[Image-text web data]
┄┄┄┄┄┄┄┄┄┄┄┄┄┄┄┄┄┄┄┄
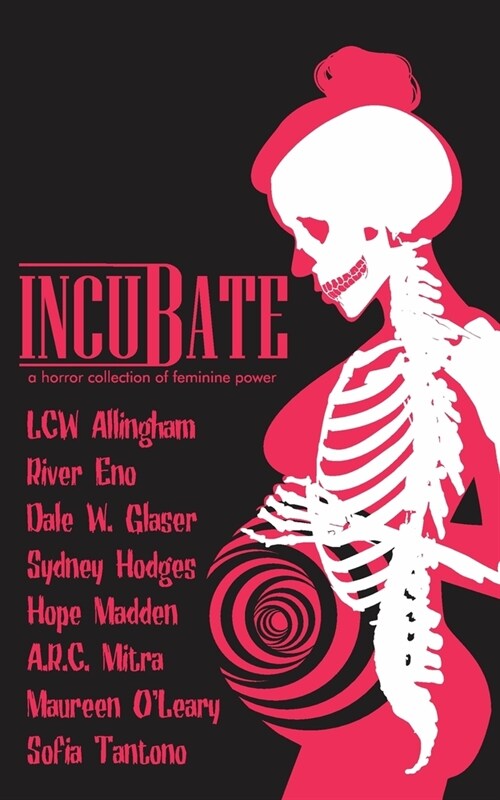 Incubate: a horror collection of feminine power (Paperback)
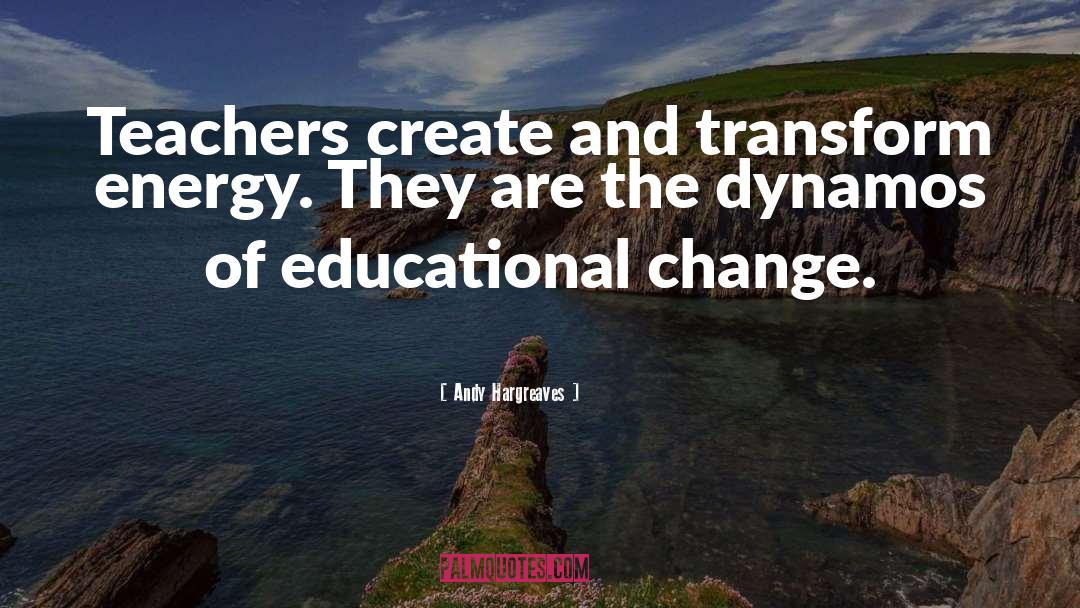 Andy Hargreaves Quotes: Teachers create and transform energy.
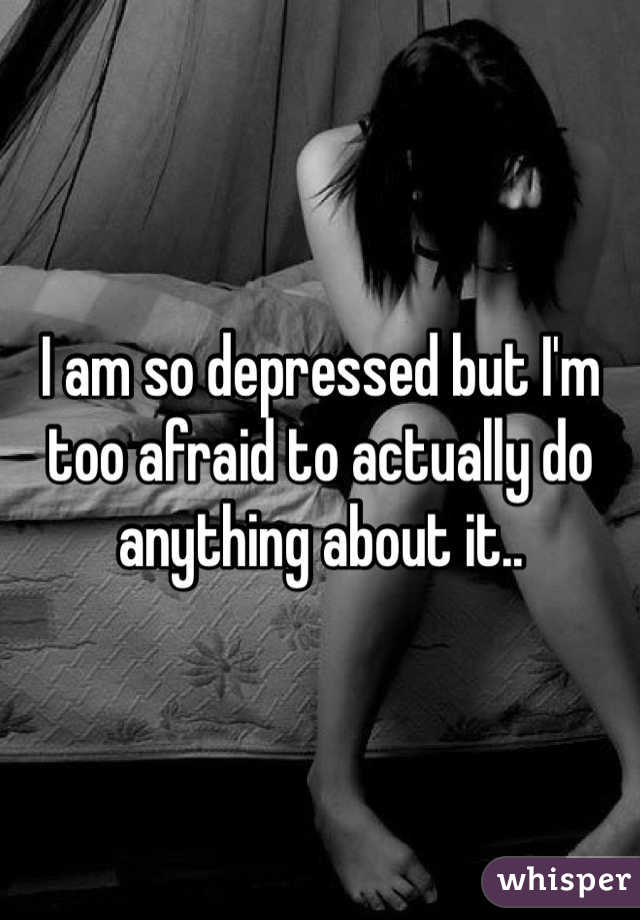 I am so depressed but I'm too afraid to actually do anything about it..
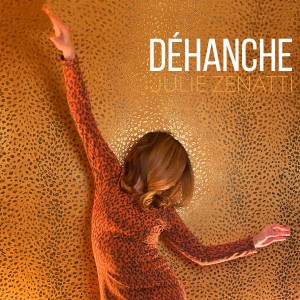 Julie Zenatti的專輯Déhanche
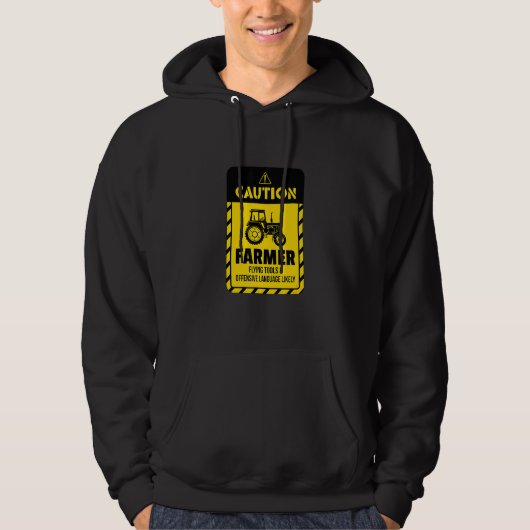 Caution Farmer Flying Tools And Offensive Language Hoodie (Voorkant)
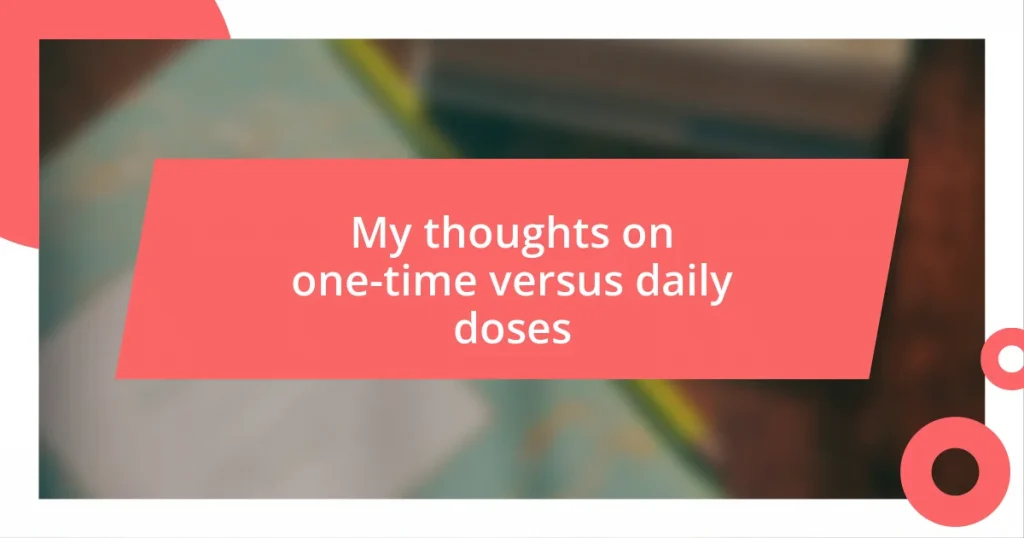 My thoughts on one-time versus daily doses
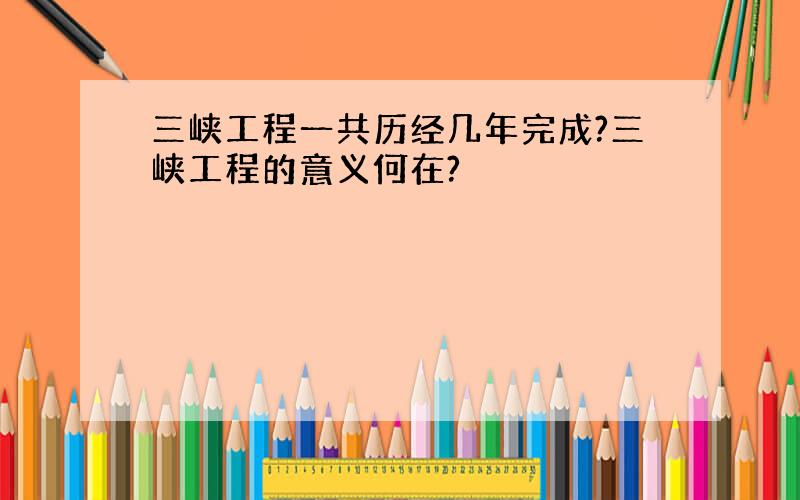 三峡工程一共历经几年完成?三峡工程的意义何在?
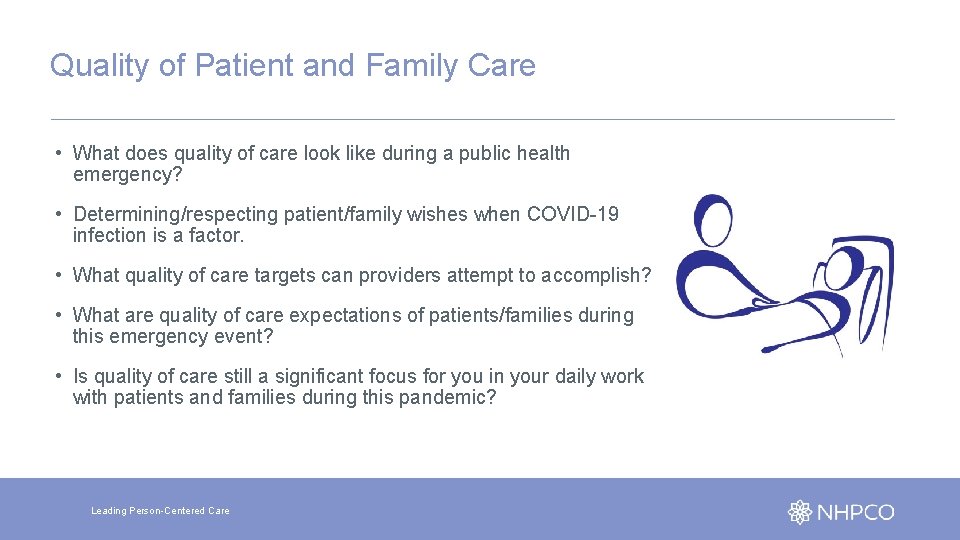 Quality of Patient and Family Care • What does quality of care look like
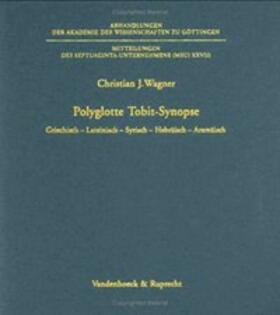 Wagner |  Polyglotte Tobit-Synopse | Buch |  Sack Fachmedien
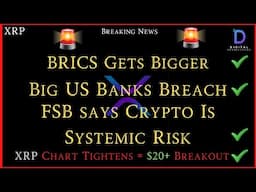XRP- BRICS gets Bigger - Big US Banks Breach - FSB Calls Crypto Systemic Risk - XRP Bottleneck & $20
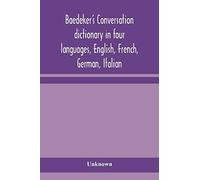 Baedeker's Conversation Dictionary In Four Languages, English, French, German, Italian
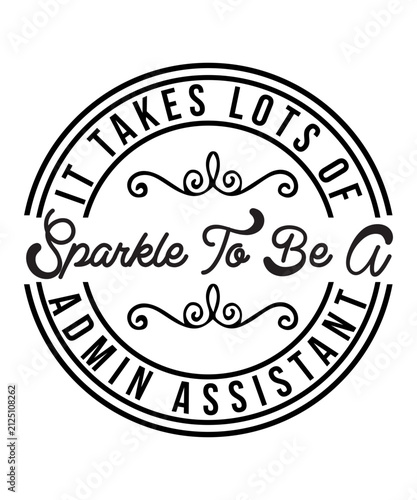 Administrative Professionals Bundle Svg, Administrative Assistant Svg, Designs, T-Shirt, Staff Appreciation, Shirt Svg, Appreciation Svg, Eps, Dxf, Png, Administrative Professionals Day Svg, Admin Squ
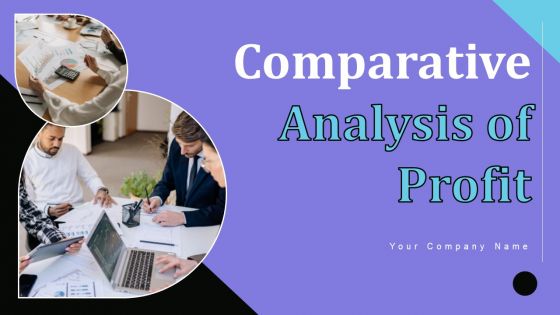 Comparative Analysis Of Profit Ppt PowerPoint Presentation Complete Deck With Slides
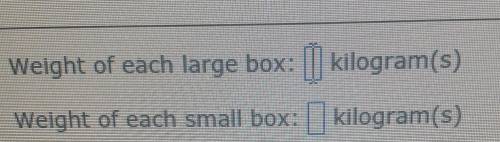 a fruit company delivers its fruit in two types of boxes : large and small. a delivery of 6 large b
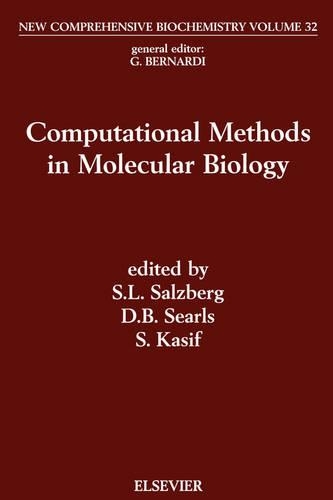 Computational Methods in Molecular Biology: Volume 32(Volume 32 New Comprehensive Biochemistry)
┄┄┄┄┄┄┄┄┄┄┄┄┄┄┄┄┄┄┄┄
Task statement: The lines from the top of the data above through the one holding "Polyglotte Tobit-Synopse |" are to be repeated exactly, and only those, with no pictures.

Written answer:
 Incubate: a horror collection of feminine power (Paperback)
 Andy Hargreaves Quotes: Teachers create and transform energy.
 I am so depressed but I'm too afraid to actually do anything about it..
 Julie Zenatti的專輯Déhanche
 Caution Farmer Flying Tools And Offensive Language Hoodie (Voorkant)
 My thoughts on one-time versus daily doses
 三峡工程一共历经几年完成?三峡工程的意义何在?
 Quality of Patient and Family Care • What does quality of care look like
 Wagner |  Polyglotte Tobit-Synopse | Buch |  Sack Fachmedien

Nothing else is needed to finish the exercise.